Le 15 octobre 1928, Louis d’Aubigny, dernier

héritier d’une lignée déchue, est enfermé dans

un donjon clandestin sous les ruines de la

Bastille. Ce lieu, rebaptisé « L’École des Rêves

Perdus », est géré par une confrérie d’anciens

intellectuels qui croient en un réveil spirituel

par la souffrance.
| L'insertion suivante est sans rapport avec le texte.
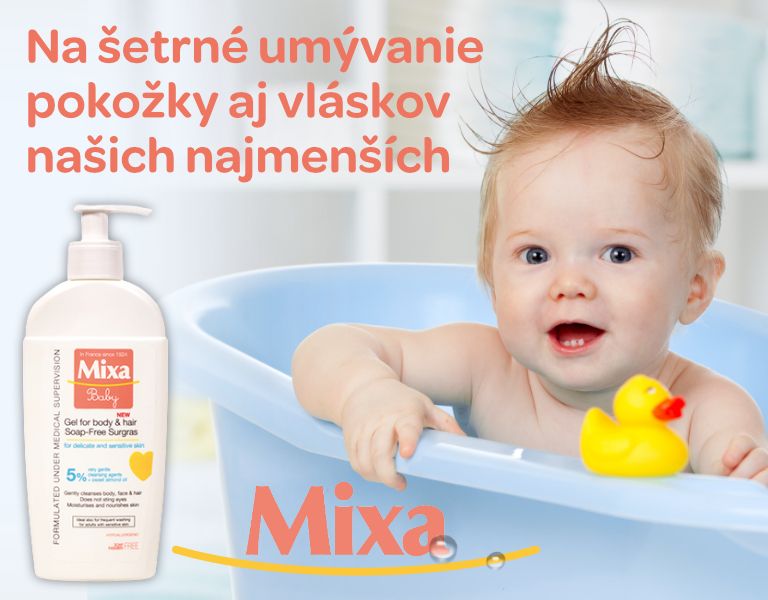 Mixa Baby gel 2v1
Leur règlement interdit toute

fuite : quiconque s’évade doit payer un prix en

chair, en sang ou en mémoire.

Dans les couloirs étroits, Louis découvre que

ses chaînes sont forgées avec des morceaux de

métaux rares, volés pendant la guerre. Les

gardiens portent des masques en cuir sculpté,

leurs visages cachés derrière des motifs

symboliques de l’Ancien Régime. Il apprend qu’un

seul homme a réussi à s’échapper : un poète,

disparu sans laisser de trace. La confrérie

affirme qu’il a « payé son dette » en

abandonnant sa propre âme.

La nuit du 23 octobre, un tremblement de terre

secoue les fondations. Un plafond s’effondre,

ouvrant un passage vers un souterrain inconnu.

Louis y descend, guidé par une boussole gravée

d’un symbole de sacrifice. À l’extrémité, il

trouve une porte en bois massif, entourée de

fresques anciennes représentant des figures

aristocratiques suppliant pour leur vie. La

porte s’ouvre sur une pièce éclairée par des

bougies, où attend un homme vêtu d’un manteau

noir : le poète évadé.

« Tu as vu ce que j’ai vu », murmuretil. « La

vérité ne se paie pas en sang, mais en

soumission. » Il tend une main ensanglantée,

dans laquelle brille une clé en or. « C’est la

seule façon de sortir vivant. »

Louis hésite. Le sacrifice n’est pas seulement

une exigence extérieure — c’est un choix

intérieur. Il comprend alors que l’évasion ne

vaut rien sans la perte de quelque chose de

précieux. Il saisit la clé, referme la porte

derrière lui, et remonte vers le monde des

vivants, porteur d’un secret trop lourd pour

être partagé.

Paris, le lendemain, semble plus sombre, comme

si l’ombre de la vérité avait envahi chaque

recoin. Louis marche dans les rues, son âme

désormais marquée par un silence intime, un

poids que personne ne pourra jamais soulager.